United Wa State Army near Myanmar's mountainous border with China are also destroying or cordoning Baptist churches

Bible-school students forcibly recruited by ethnic militia

This file photo is taken on June 26, 2017 shows members of the United Wa State Army taking a rest. The armed group, which has its own autonomous territories on Myanmar's border with China and Thailand, is thought to be one of the largest drug traffickers in Southeast Asia. (Photo by Ye Aung Thu/AFP)

Published: October 15, 2018 10:29 AM GMT

Updated: October 15, 2018 10:30 AM GMT

The United Wa State Army (UWSA) has forcibly recruited 41 male and female students in Shan State near Myanmar's border with China, according to ethnic-Lahu Baptist leaders.

Reverend Lazarus, general secretary of the Lahu Baptist Convention in Kyaing Tong, said 92 Lahu Christians were released recently after signing a pledge that they would only worship privately at home, not in churches.

However, the students were made to join the militia that grew out of the former Communist Party of what was previously called Burma.

"We heard the students who were studying at a Bible school were assigned to different areas after they were forcibly recruited into the Wa army," Rev. Lazarus told ucanews.com.

He pledged to work for their release and called on the UWSA to set them free.

Rev. Lazarus added that Baptist leaders intended to meet with Lahu political parties and cultural associations to discuss the situation in the Wa hills region where the abductions and detentions had occurred.

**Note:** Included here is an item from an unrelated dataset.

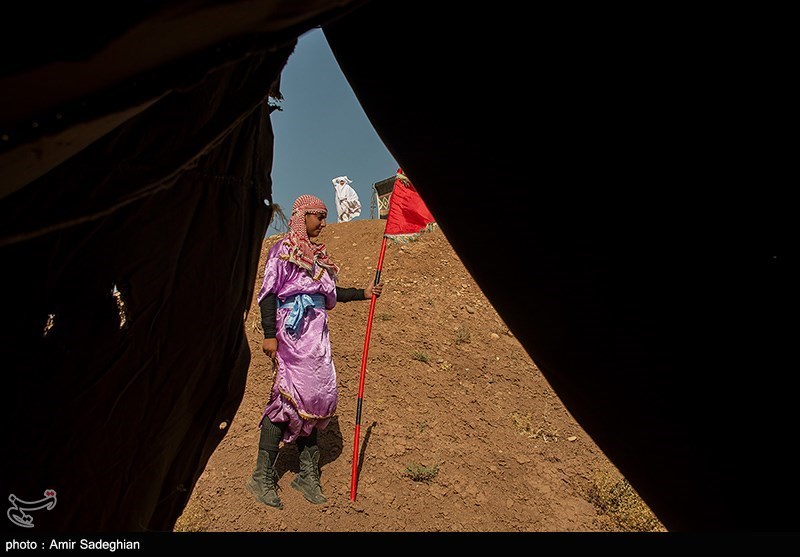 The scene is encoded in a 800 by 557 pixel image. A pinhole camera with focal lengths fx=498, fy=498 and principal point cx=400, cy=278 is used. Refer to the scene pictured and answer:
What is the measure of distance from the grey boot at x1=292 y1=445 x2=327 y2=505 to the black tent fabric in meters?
3.20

Some 52 Lahu Baptist churches remained sealed-off and five had been destroyed.

Rev. Lazarus added that he had no idea of how long the crackdown would last.

He said the lack of religious freedom was the most dire since missionary work started several decades ago, even though there had been some past problems, and that the situation was continuing to deteriorate.

Five Catholic nuns and six lay teachers were expelled from the region by the UWSA as part of a campaign that began Sept. 13 in which the militant group has uprooted so-called "unauthorized" churches.

The UWSA announced that all churches in the region built after 1992 were being deemed to have been illegally constructed.

Only churches built between 1989 and 1992 were being accepted.

The UWSA has banned the construction of new churches and requires that priests and workers in churches be locals, not outsiders.

It has also banned religious teaching in schools in the Wa region, while UWSA functionaries have been forbidden from being members of any religious organization.

The UWSA leadership has also pledged to punish local administration cadres if they support missionary activities.

The Wa region is home to ethnic groups including the Wa, Kachin, Ta'ang, Lahu, Lisu, Kokang and Shan who observe the faiths of Christianity, Buddhism, animism, spirit worship and Islam.

The UWSA has close connections to the communist government of China that has significant economic interests and ambitions in the region. Beijing has long suspected Protestant groups of haboring United-States affiliated spies.

Christians comprise around 30 percent of the estimated 450,000 ethnic Wa.

The 30,000-strong UWSA — Myanmar's largest ethnic army — stands accused of being one of the largest drug-trafficking groups in Southeast Asia.